Melansir laman dinaskebudayaan.jakarta.go.id, permainan balap karung sudah ada sejak zaman Belanda. Saat itu, balap karung dimainkan oleh kalangan anak berusia 6-12 tahun, hingga akhirnya orang dewasa pun turut serta dalam permainan balap karung.
Namun ada pendapat lain yang mengatakan balap karung berasal dari rasa kesal masyarakat Indonesia pada masa penjajahan yang tidak mampu membeli pakaian. Saat itu, terdapat orang yang harus menggunakan karung sebagai penutup tubuh.

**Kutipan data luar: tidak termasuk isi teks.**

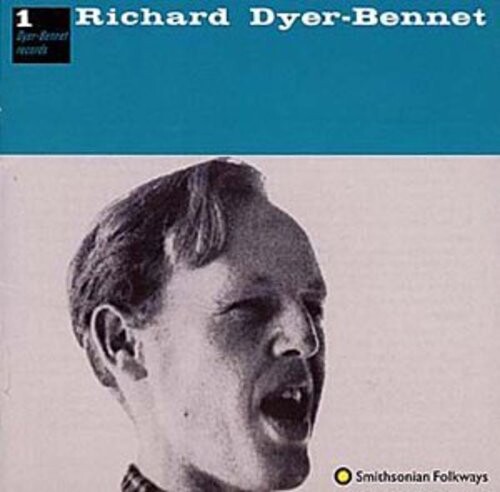 CD диск Dyer-Bennet, Richard: Dyer-Bennet 1
CD диск Dyer-Bennet, Richard: Dyer-Bennet 1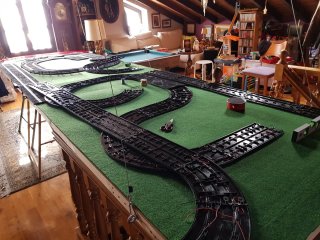 Pista Scalextric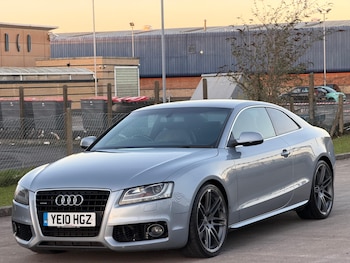 Used Audi A5 2010 for sale - 77089738: Photo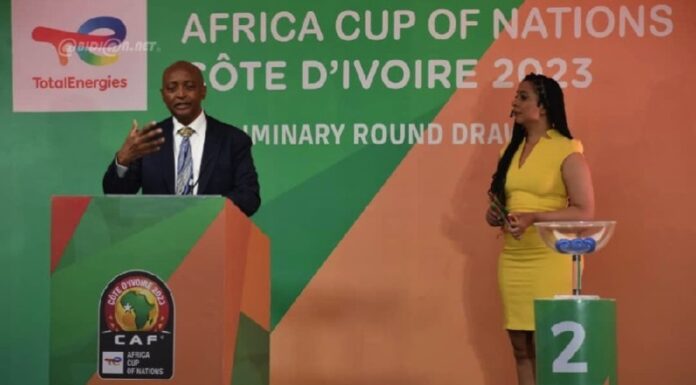 Football : La CAF Annonce le Tirage au Sort des Éliminatoires de la CAN Maroc 2025 le 4 Juillet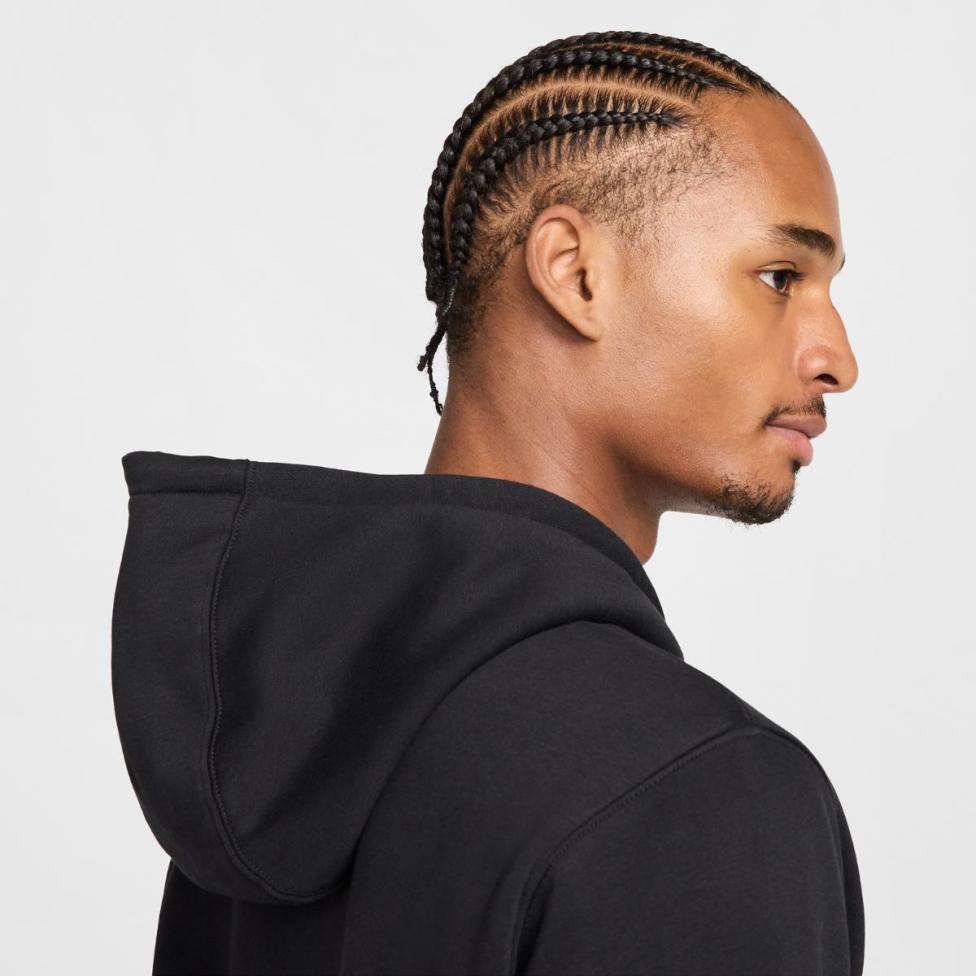 Outlet Чоловіча толстовка NIKE CLUB FN3861-010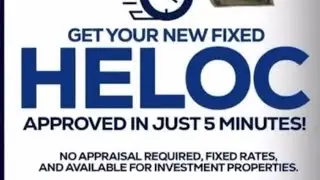 Need access to cash? We all have equity gains in our real estate investments. #AgentNadine 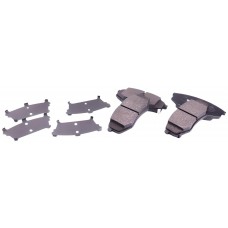 Set placute frână ICER 182094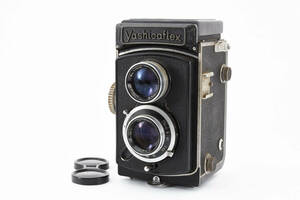 【ジャンク】ヤシカフレックス Model Old A 6x6 フィルムカメラ #3574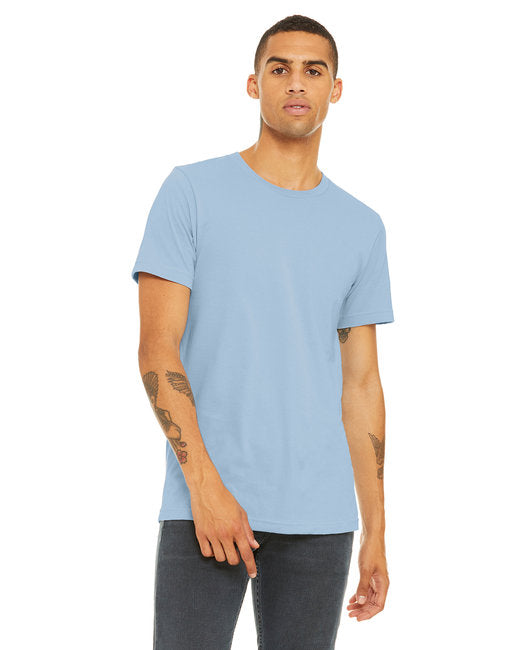 3001C Bella + Canvas Unisex Jersey T-Shirt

Mereka yang menggunakan karung memutuskan untuk menginjak bagian bawah karung dan berjalan melompat. Meski awalnya dilihat sebagai bentuk protes, kegiatan ini kemudian menjadi bentuk permainan.
Dalam lomba balap karung 17 Agustus, para peserta, baik anak-anak maupun orang dewasa masuk ke dalam karung dan memegang bagian ujung atas karung. Setelah itu, mereka melompat-lompat agar dapat mencapai garis finish.
Tak sekadar perlombaan 17 Agustus, lomba makan kerupuk mengandung sejarah terkait kondisi hidup masyarakat Indonesia pada suatu masa. Di era 1930-1940, kerupuk menjadi makanan andalan masyarakat.
Kerupuk juga identik dengan makanan rakyat kecil di masa perang supaya dapat bertahan hidup. Selanjutnya, ketika krisis ekonomi yang dibarengi dengan naiknya harga kebutuhan pokok, membuat kerupuk menjadi lauk pendamping. Kerupuk dipilih karena harganya yang cenderung terjangkau.
Pada 1950-an, muncul beragam lomba untuk memperingati hari kemerdekaan Indonesia. Makan kerupuk menjadi salah satu yang dilombakan.
Peserta lomba harus dapat menghabiskan kerupuk yang diikat tali dan digantungkan di atas kepala. Perlombaan makan kerupuk ini mengajak masyarakat Indonesia untuk mengenang perjuangan pahlawan serta rakyat di masa penjajahan yang berada dalam kondisi sulit.